## Available data
####################

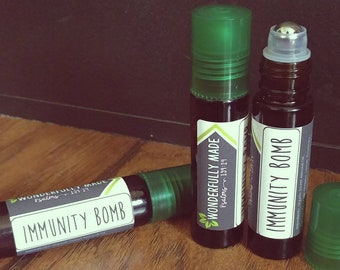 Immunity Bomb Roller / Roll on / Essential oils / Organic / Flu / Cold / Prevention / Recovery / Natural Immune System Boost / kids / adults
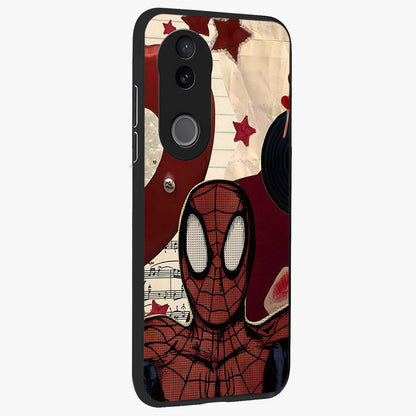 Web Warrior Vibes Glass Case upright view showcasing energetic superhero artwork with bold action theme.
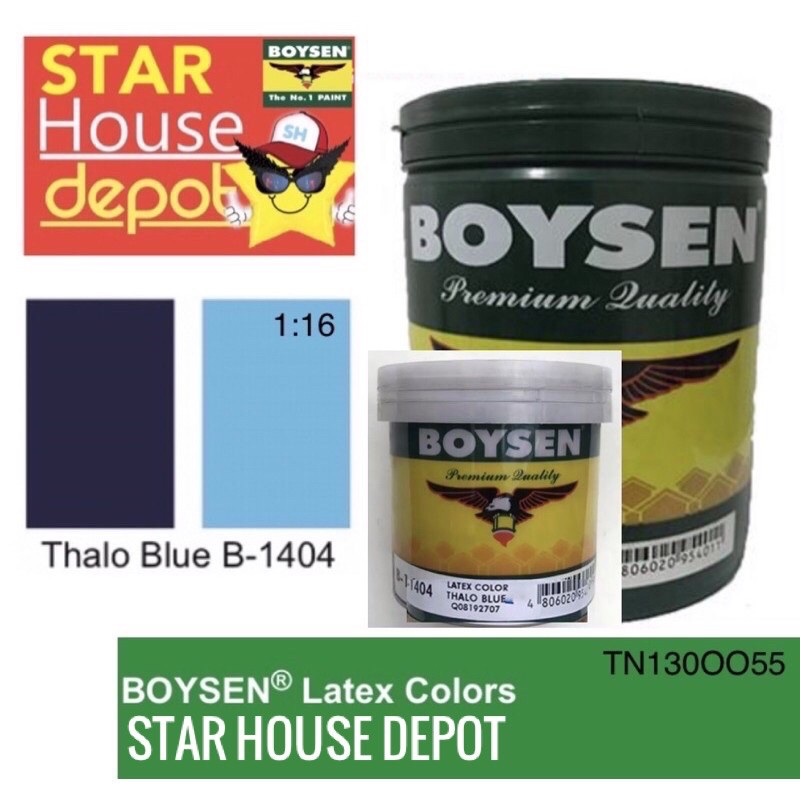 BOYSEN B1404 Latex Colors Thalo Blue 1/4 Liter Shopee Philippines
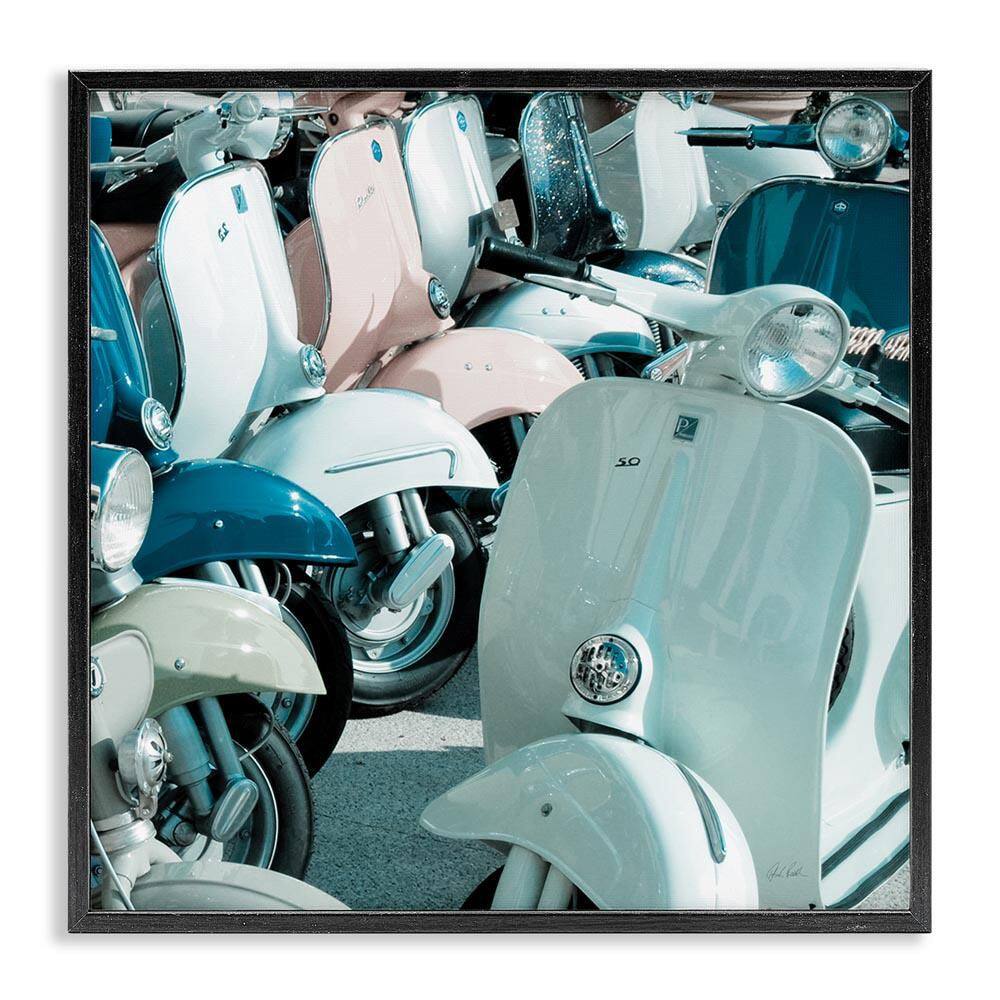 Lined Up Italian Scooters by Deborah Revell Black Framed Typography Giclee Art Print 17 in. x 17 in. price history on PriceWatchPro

####################

## Work instruction
What is needed here is each line above set down word for word, minus the images.

## Task answer
 Immunity Bomb Roller / Roll on / Essential oils / Organic / Flu / Cold / Prevention / Recovery / Natural Immune System Boost / kids / adults
 Web Warrior Vibes Glass Case upright view showcasing energetic superhero artwork with bold action theme.
 BOYSEN B1404 Latex Colors Thalo Blue 1/4 Liter Shopee Philippines
 Lined Up Italian Scooters by Deborah Revell Black Framed Typography Giclee Art Print 17 in. x 17 in. price history on PriceWatchPro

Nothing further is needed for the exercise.